It’s not quite cold enough for Winter Olympics, but not quite warm enough for the summer games. In fact, no Olympic Games, FIFA World Cup, or Rugby (Union) World Cup has ever been held in March. The World Curling Championships have traditionally taken place during the third month, though, so there’s that. MLB has also staged the World Baseball Classic every three or four years in March, but it hasn’t really risen to the level of the other big global events. When held in the southern hemisphere, the iCC Cricket World Cup probably comes the closest to putting the month on the global stage.

No Playoffs

No major U.S. league holds playoffs in March. The period joins July, August, and September as the postseason-less season, what with the World Series stretching into November now and the MLS Cup pushed to December. We don’t have any All-Star Games this time of year, either. Pro hockey and basketball certainly have compelling games as teams jockey for playoff position, but you also have some squads playing out the string after February’s trade deadlines.

Spring Training

No other sport gets so much traction out of its ramp-up period. Major League Baseball plays a whole schedule of preseason games, charges normal prices for them, and nobody minds. The national pastime has it sweet that respect. The home fans don’t complain that meaningless games were included in season ticket packages, the franchises make additional money when those fans travel for a snowbirding experience, and they also get to sell tickets and t-shirts to the natives of whatever Cactus or Grapefruit League municipality built them a charming ballpark.

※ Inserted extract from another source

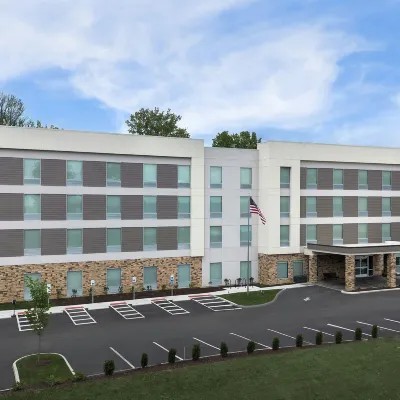Home2 Suites by Hilton Columbus Easton Hotels near Champions Golf Course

Plus, because no regular season games are played in March, baseball teams will sometimes celebrate the month’s most noteworthy holiday later in the year. A number of teams do “Halfway to St. Patrick’s Day” promotions for September 17th games. You’ve really got a month figured out when you can make money off it 20-something weeks after it ends.

March Madness

Well, yeah, Month 3 does get wild sometimes. Certainly, the United States’ most heated March sporting event comes from the college ranks. The month inspires substantial passion among college basketball fans and those of you who chose the right upsets in your office bracket pool.

March ostensibly comes in like a Lion (Bobby Layne vintage) and goes out like a, well, Lion (Dan Orlovsky vintage). In reality, it’s pretty laid-back throughout, reflecting more anticipation than finality. Even March Madness now concludes in April.

For the most part, March seems to be the spring break month for students and sports fans. It’s a chance to chill out and maybe read a good sports blog post or two before baseball home openers and Stanley Cup Playoffs and Champions League Finals demand your most urgent attention and some face-painting, chest-bumping intensity. See you on the beach.